# Correct Interior Color for 1968 Front Turn/Parking Light



## PontiacJim (Dec 29, 2012)

Thought I would add to the thread ""Correct interior finish for 69/70 GTO front parking light housing?" that was posted recently. It was decided that a reflective "metallic" finish was correct.

I just purchased a pair of used 1968 A-body front turn/parking light housings to replace the rotted ones on my '68 Lemans. They are stamped GUIDE 25, SAE DPP, 68. I was not able to find my originals to use as a comparison, but recall they were in pretty bad shape and I was not going to use them, so I most likely threw them out. Found the lenses only.

The interior finish on the '68 front turn/parking light housings are painted white. The metal housings are anodized and the white paint applied over this just in the front area that is concealed by the plastic lense.
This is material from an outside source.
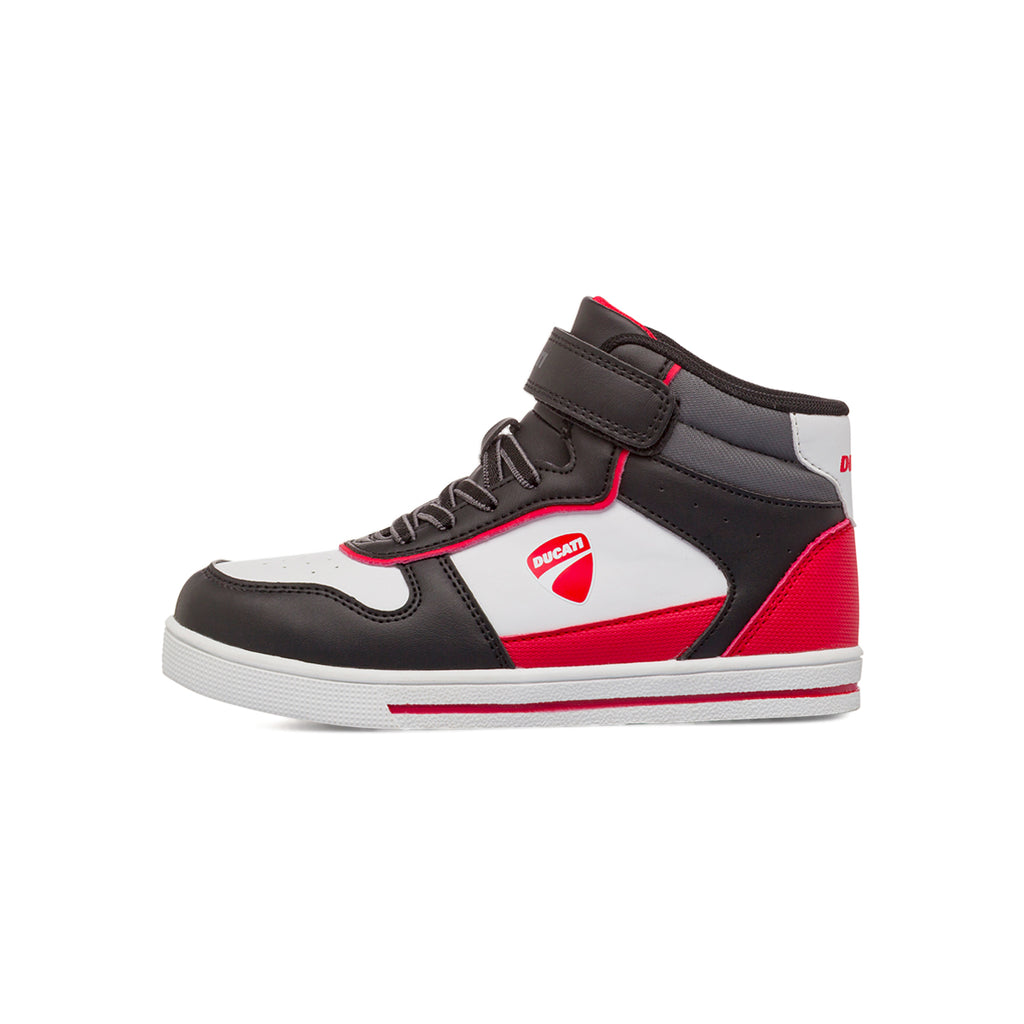 Sneakers alte bicolore nere da Bambino con strappo Ducati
You can see in photo #2 that the white paint is behind the bulb socket/bracket, so it gets painted prior to the socket installation. So these would have not had the reflective metallic finish found on the 1969/70 units.

Just figured this info might be something for future use to someone restoring their 1968 front turn/parking signal light housings. :thumbsup:


----------



## jayvee53 (Aug 26, 2018)

Hey Jim,

Take a look at my new post on the exterior color (lens) issue for the 68 GTO.

Jayvee


----------



## jayvee53 (Aug 26, 2018)

Upon further review....looks like maybe somebody at some point painted the interior of the lens giving the appearance of yellowish amber. Sorry for the confusion.
View attachment 143511


----------